Monday, Mar. 29, 1926
New Plays
Easter and One Day More. The first of these is by Strindberg and the second by Joseph Conrad, and the two were introduced as companion pieces by The Stagers. Michael Strange--she who is Mrs. John Barrymore--made her first important professional appearance in the former and quite confounded the obstinates who had seen her play a small part in a summer stock company last July and said she could not act. She was not exceptional, but she was good.
Easter is a confused parable about a family whose father was in jail because of the unfortunate results of dipsomania. The same strain of insanity runs in the daughter's blood. In her semi-bemused conversation, the playwright has set the sharpest jewels of his philosophy. Some of the jewels did not twinkle very clearly. Easter is symbolic, Continental, difficult, and not particularly stimulating to the casual U. S. mind. Which may prove to certain erudites that it is a good play.
The Conrad piece is a sea sketch about a wandering son home after 16 years. It is in a mood made familiar by the short sea plays of Eugene O'Neill. And in this case it is by no means stubborn patriotism that encourages the report that the O'Neill plays are considerably superior.
The Girl Friend. The movement for smaller and smarter musical comedies which various producers have contemplated since Sunny eliminated competition in the more spacious field, has at last unearthed a good one. The Girl Friend is not guaranteed unconditionally, but it offers a consistently agreeable display. It has good music and unquestionably the best lyrics in town. It has a sound enough set of jokes and more than the usual allotment of brisk dancing. Eva Puck and Sam White, vaudeville favorites, are the featured entertainers. They too, if not supreme, are soundly satisfactory. They tell the story of a chicken-rancher on Long Island who became a champion six-day bicycle rider. And of his girl, who was so dumb that when he took her to The Big Parade he had to buy her a flag.

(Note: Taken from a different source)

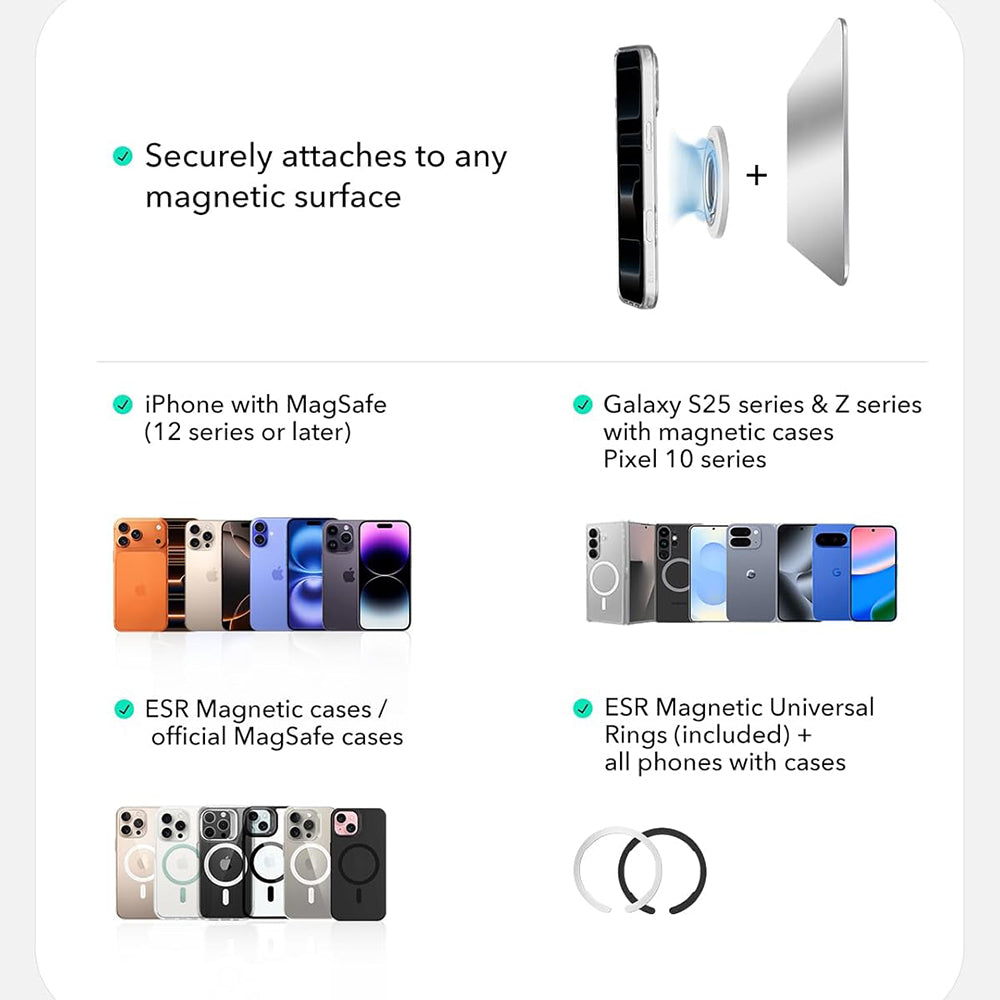 Suport Inel ESR HaloLock, Universal, Alb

Hush Money. Justine Johnstone, once a glorified girl of Mr. Ziegfeld's, returns as an actress. It may be stated without reserve that Miss Johnstone is the most beautiful blond leading woman in the land. She is not the best actress, but she is easily good enough for this inconspicuous little crook play. Miss Johnstone plays the fiancee of a young man with a prison record. Practically the entire remainder of the cast is bent upon hurling him back to the gaol. A diamond necklace is stolen and things look pretty sour for him. But he picks the very necklace out of the chief detective's pocket just in time for the final happy curtain.

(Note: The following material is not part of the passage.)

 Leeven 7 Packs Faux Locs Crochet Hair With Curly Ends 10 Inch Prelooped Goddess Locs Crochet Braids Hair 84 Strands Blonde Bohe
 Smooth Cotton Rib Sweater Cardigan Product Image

Rainbow Rose. In TIME for Aug. 24 you will find a comedy called A Lucky Break marked unsatisfactory. The comedy now reappears with music added and remains strictly routine. It is about a rich man who discovered that his old home town loved him for himself and not his money. Fair music and moderately adept performers are included. One imitation monkey-dance by Hansford Wilson is all that mattered much.

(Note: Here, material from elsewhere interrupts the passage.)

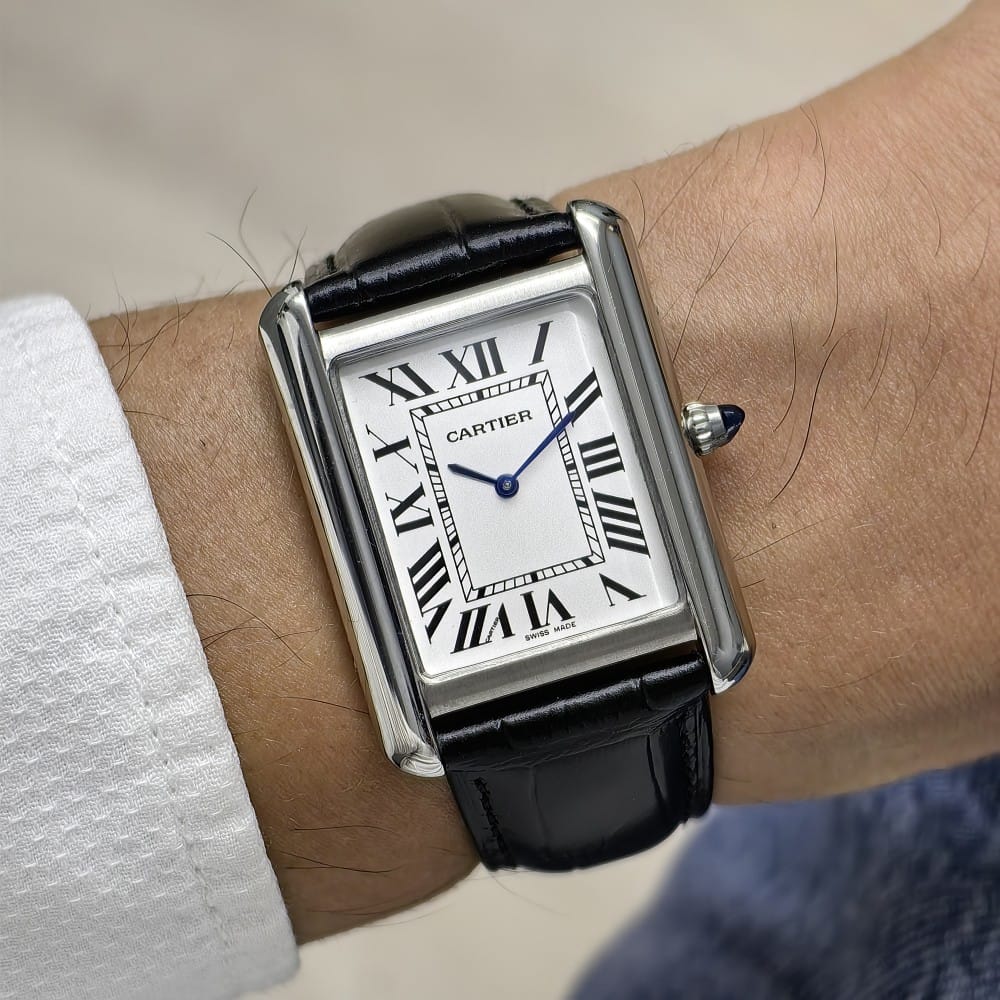 cartier tank silver white 40mm stainless steel watch - Image 2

Juno and the Paycock. Great has been the excitement in Britain over Sean O'Casey, plumber. Mr. O'Casey put by his wrenches and his putty one day to write a play about Irish politics. So fervently did Dublin approve that London saw the play, approving also. Now comes the Manhattan production. Two things interfered with enjoyment of this local version. One is unfamiliarity with Irish politics and the other the not particularly capable production.
In this enlightened land we do not shoot people because they are Republicans. When you call a man an Englishman in Dublin you have to say it with a smile. Juno and the Paycock is a cruel satire on these things. The leading figure of the play is a drunken, shiftless, swaggering braggart, who rolls homeward mumbling of Irish liberty as his son lies bullet-riddled down the road.
Augustin Duncan plays this childish alcoholic rather too slowly and exactly. In the rest of the cast there is a variety of Irish accent and a mingling of good acting and bad. "Juno" is a woman's name and "Paycock" is vulgate for "Peacock".
Ghosts. Some half dozen Ibsen plays* have been stirred from their slumber this season and. presented to an inquiring public. Of these Hedda Gabler, which still lingers for special matinees, was the most satisfactory. This version of Ghosts is patchy, with a magnificent Alving in Jose Ruben, a fairly good Engstrand in J. M. Kerrigan, an excellent Regina in Hortense Alden, and a disappointing Mrs. Alving in, Lucile Watson.
The play itself does not seem so taut and reverberate an adventure as it used to. Time and fashion and the crowding experiences of our troubled time have blunted the fangs of many a great but earlier philosophy. Ghosts is a play which the student cannot afford to miss, but it is also a play for which the general mad demand is imperceptibly dwindling.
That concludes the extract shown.